-------- Dataset section --------

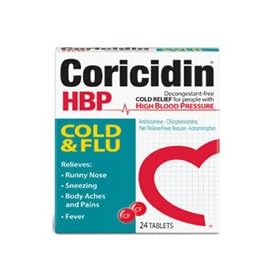 Coricidin HBP Cold & Flu Tablets for People with High Blood Pressure - 24 Ea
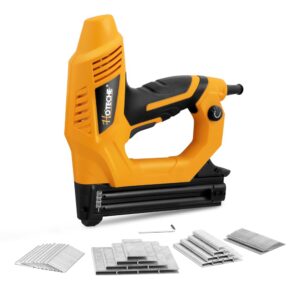 hoteche 18ga 2-in-1 electric brad nailer/stapler 19/32-inch to 1-1/4 inch staple gun power adjustable nail gun with 2000pcs brad nails& staples for home upholstery and woodworking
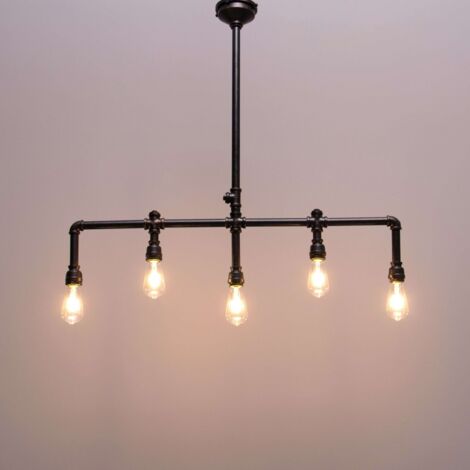 Kosilum – Suspension industrielle en métal cuivre 5 lumières E27 – Longueur 98 cm – Hauteur 90 cm – Éclairage chaleureux et homogène
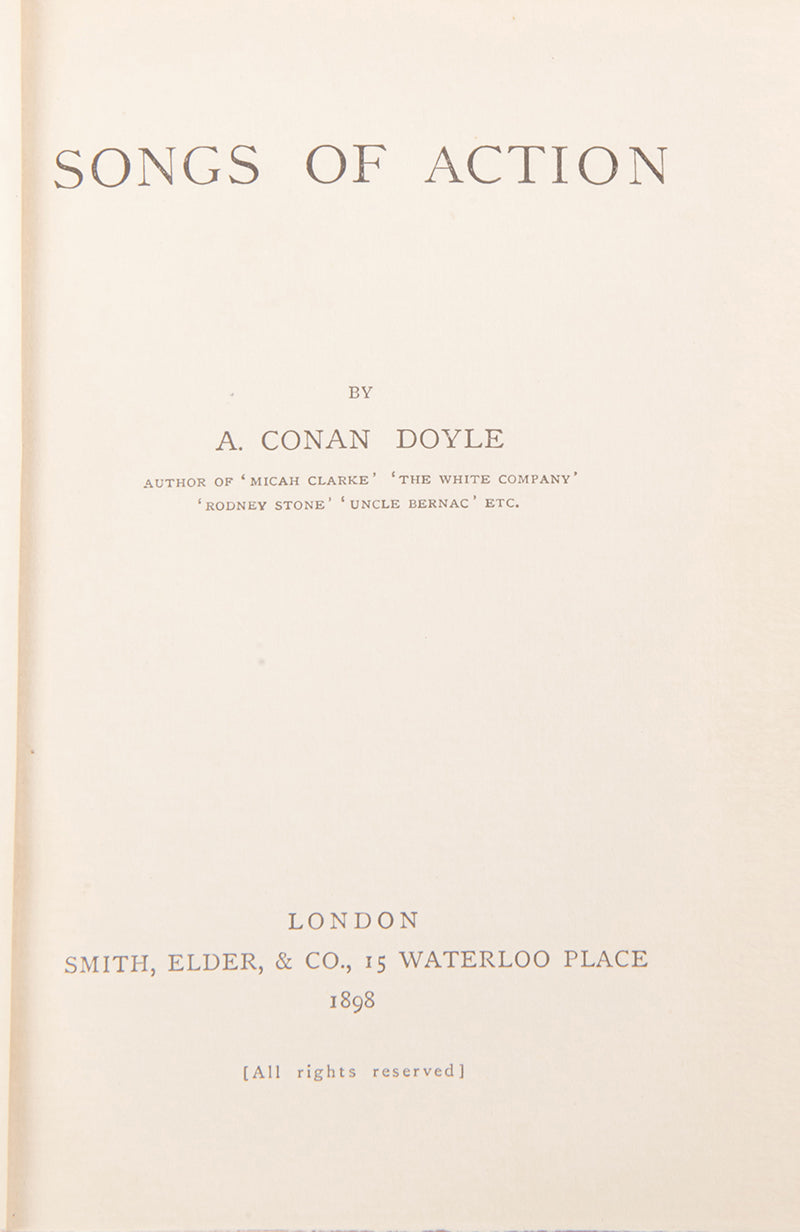 A fine collection of 13 first edition titles by Arthur Conan Doyle, including 7 Sherlock Holmes books, bound in full blue morocco and half red morocco gilt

--------

The listing above should be repeated word for word, pictures removed.

 Coricidin HBP Cold & Flu Tablets for People with High Blood Pressure - 24 Ea
 hoteche 18ga 2-in-1 electric brad nailer/stapler 19/32-inch to 1-1/4 inch staple gun power adjustable nail gun with 2000pcs brad nails& staples for home upholstery and woodworking
 Kosilum – Suspension industrielle en métal cuivre 5 lumières E27 – Longueur 98 cm – Hauteur 90 cm – Éclairage chaleureux et homogène
 A fine collection of 13 first edition titles by Arthur Conan Doyle, including 7 Sherlock Holmes books, bound in full blue morocco and half red morocco gilt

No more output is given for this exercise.